From the listing below, restate word for word the lines from the line containing "Tonight on Revolutionaries: the" down through the line containing "The final designed". Exclude pictures.

── RECORDED DATA

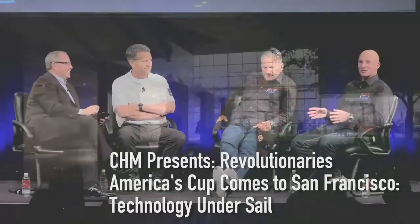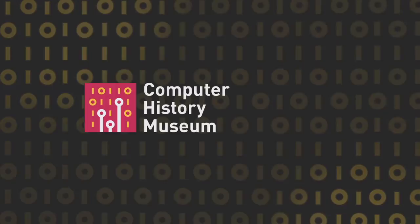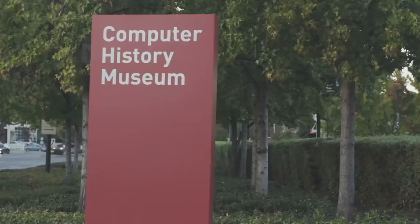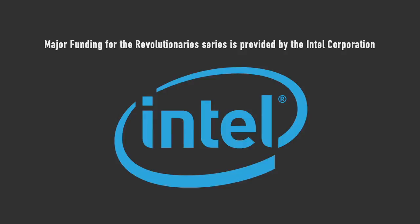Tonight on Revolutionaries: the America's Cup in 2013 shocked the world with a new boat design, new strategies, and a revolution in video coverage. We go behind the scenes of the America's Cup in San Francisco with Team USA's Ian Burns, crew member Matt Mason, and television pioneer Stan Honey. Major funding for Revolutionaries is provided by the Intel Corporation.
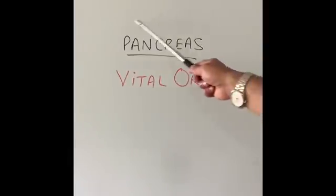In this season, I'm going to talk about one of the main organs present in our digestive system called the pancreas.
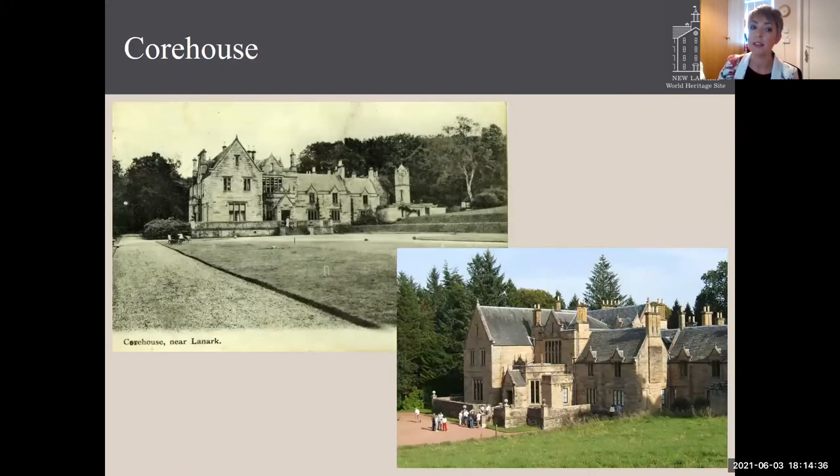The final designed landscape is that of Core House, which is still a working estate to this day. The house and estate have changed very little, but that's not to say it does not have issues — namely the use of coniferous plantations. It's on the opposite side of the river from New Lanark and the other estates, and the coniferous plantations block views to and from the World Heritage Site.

────
── RECORDED DATA

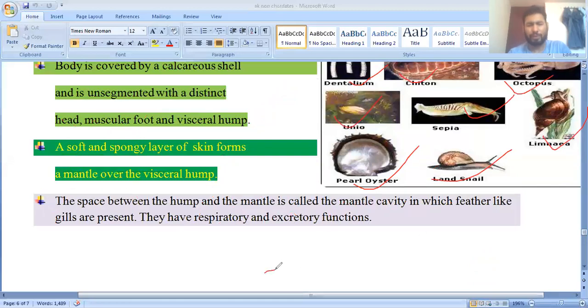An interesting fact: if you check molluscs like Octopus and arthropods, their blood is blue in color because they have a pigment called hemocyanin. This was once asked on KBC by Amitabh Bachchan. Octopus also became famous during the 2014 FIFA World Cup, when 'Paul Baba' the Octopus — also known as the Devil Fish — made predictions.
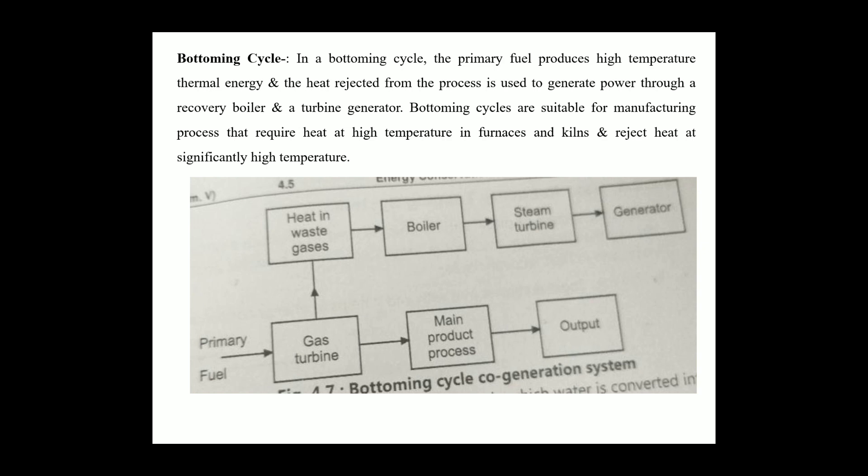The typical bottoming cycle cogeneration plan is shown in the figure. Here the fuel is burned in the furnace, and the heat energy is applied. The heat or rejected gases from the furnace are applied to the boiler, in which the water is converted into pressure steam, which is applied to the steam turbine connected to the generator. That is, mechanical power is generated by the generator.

────
── RECORDED DATA

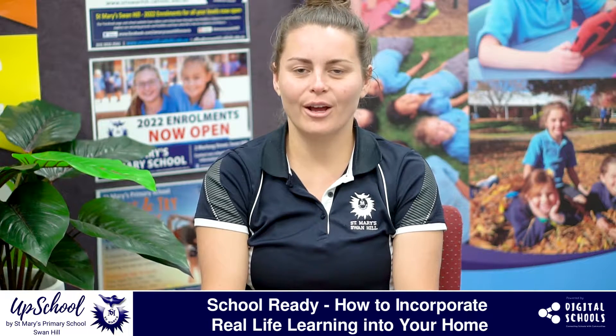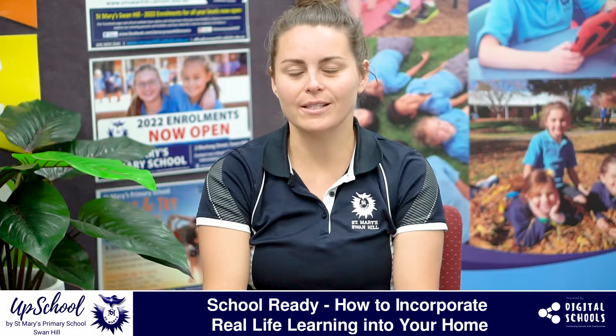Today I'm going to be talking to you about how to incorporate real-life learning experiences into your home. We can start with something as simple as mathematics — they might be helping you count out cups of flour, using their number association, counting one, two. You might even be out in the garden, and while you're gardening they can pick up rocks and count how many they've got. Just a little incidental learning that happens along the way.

────

> _RESULT BELOW_:
Tonight on Revolutionaries: the America's Cup in 2013 shocked the world with a new boat design, new strategies, and a revolution in video coverage. We go behind the scenes of the America's Cup in San Francisco with Team USA's Ian Burns, crew member Matt Mason, and television pioneer Stan Honey. Major funding for Revolutionaries is provided by the Intel Corporation.
In this season, I'm going to talk about one of the main organs present in our digestive system called the pancreas.
The final designed landscape is that of Core House, which is still a working estate to this day. The house and estate have changed very little, but that's not to say it does not have issues — namely the use of coniferous plantations. It's on the opposite side of the river from New Lanark and the other estates, and the coniferous plantations block views to and from the World Heritage Site.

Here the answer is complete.